Ce serait enfin dans la moyenne européenne, parce qu'on est assez bas par rapport aux autres pays ! Le Royaume-Uni va jusqu'à 24 semaines, la Suède jusqu'à 18, l'Espagne 14 semaines et l'Autriche 14 semaines également, donc en France on n'est pas vraiment en avance. Je pense qu'à l'heure où la France va prendre la présidence de l'Union européenne, ce serait intéressant et elle pourrait être fière de porter un message progressiste pour dire qu'il n'y a pas de fatalité. Il y a beaucoup d'attaques au droit à l'avortement, donc je pense que ce serait bien qu'on montre qu'une voie du progrès est possible.

Les gynécologues s'inquiètent de perdre leur clause de conscience. Le comprenez-vous ?

C'est un souci pour les gynécologues mais il faut les rassurer. Ils auront toujours leur clause de conscience générale, donc ils pourront toujours refuser de pratiquer l'IVG. Je leur propose d'être acteurs en quelque sorte du parcours de soins des femmes et je propose qu'ils aient l'obligation d'orienter les femmes vers un praticien ou vers un établissement de santé qui, lui, pratique l'IVG. J'en appelle à la responsabilité des professionnels de santé. Je comprends que les médecins peuvent, pour certains, avoir des peurs, peut-être des questionnements et je pense qu'il y a un vrai sujet sur la formation des médecins. J'appelle les médecins aussi à faire un pas de côté. On parle du droit des femmes à disposer de leur corps et je pense que c'est important que chaque médecin ait bien conscience de ça. L'avortement est une solution pour les femmes, vraiment.

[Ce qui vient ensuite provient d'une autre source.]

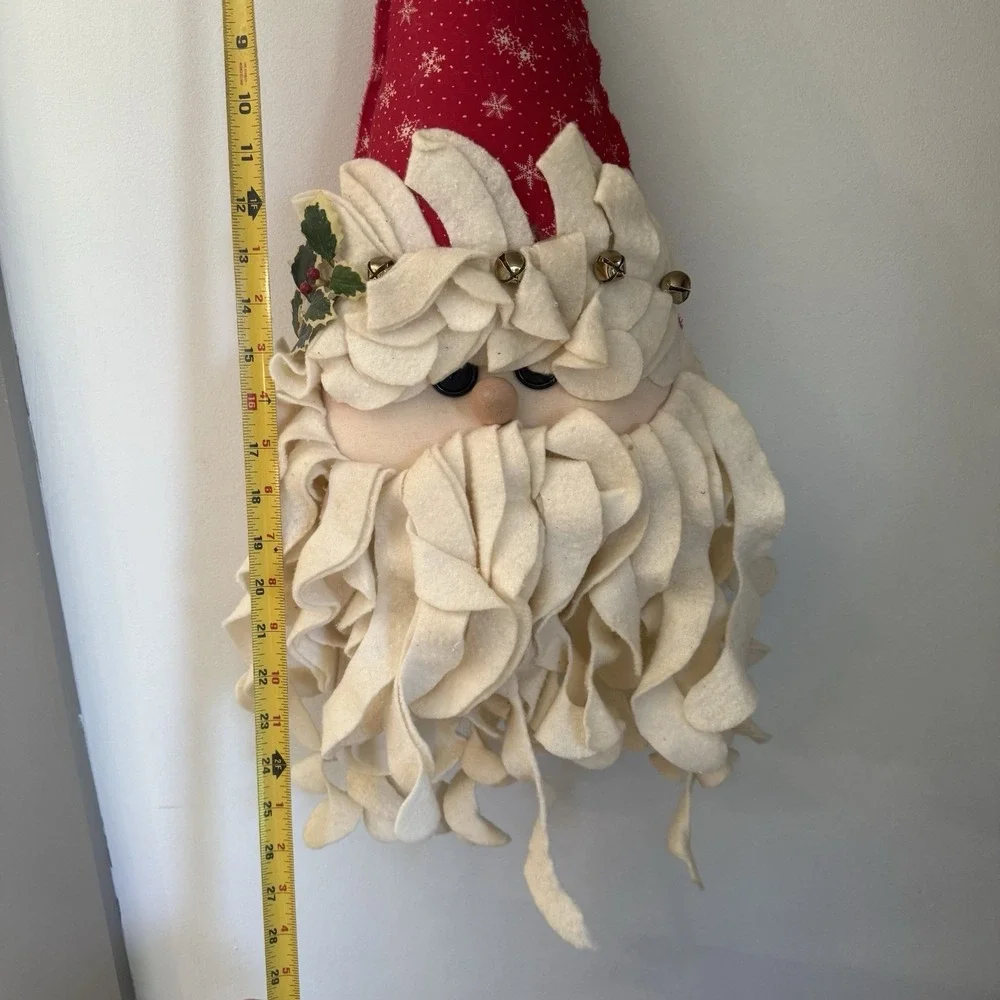 Santa Claus Plush Face Wall Hanging Handmade Pillow Vintage Christmas Retro VTG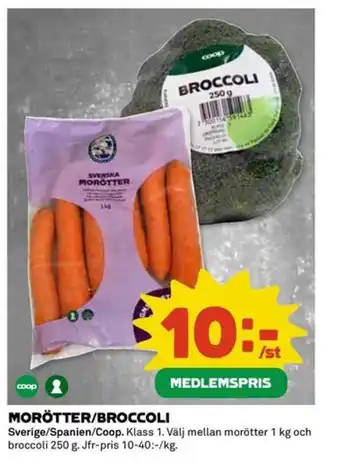 Coop Daglivs Morötter/broccoli erbjuda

Votre proposition de loi est examinée en deuxième lecture par les députés seulement cinq mois avant la présidentielle de 2022. Les sénateurs vont sûrement s'y opposer. Compte tenu de la durée de la navette parlementaire, pensez-vous que la loi ait une chance d'être adoptée avant la fin du quinquennat ?

Il y a une chance. Il faut savoir que le gouvernement a ce qu'on appelle la maîtrise de l'ordre du jour donc il peut inscrire un texte, quand il le veut, au moment où il le veut, dans l'ordre du jour du Parlement. Je l'invite à se saisir de ce sujet-là, d'accélérer et poursuivre la navette. Si le gouvernement souhaite que cette proposition de loi arrive à son terme et soit votée, il peut l'inscrire dans l'ordre du jour du Sénat. Le Parlement décide, il est élu par le peuple et le peuple soutien cette mesure. Il y a eu une étude l'année dernière du cabinet Kantar qui disait que 80% de la population soutenait l'allongement des délais donc je pense qu'il y a aussi une responsabilité du gouvernement à écouter les attentes et les aspirations des Français pour plus de progrès en la matière.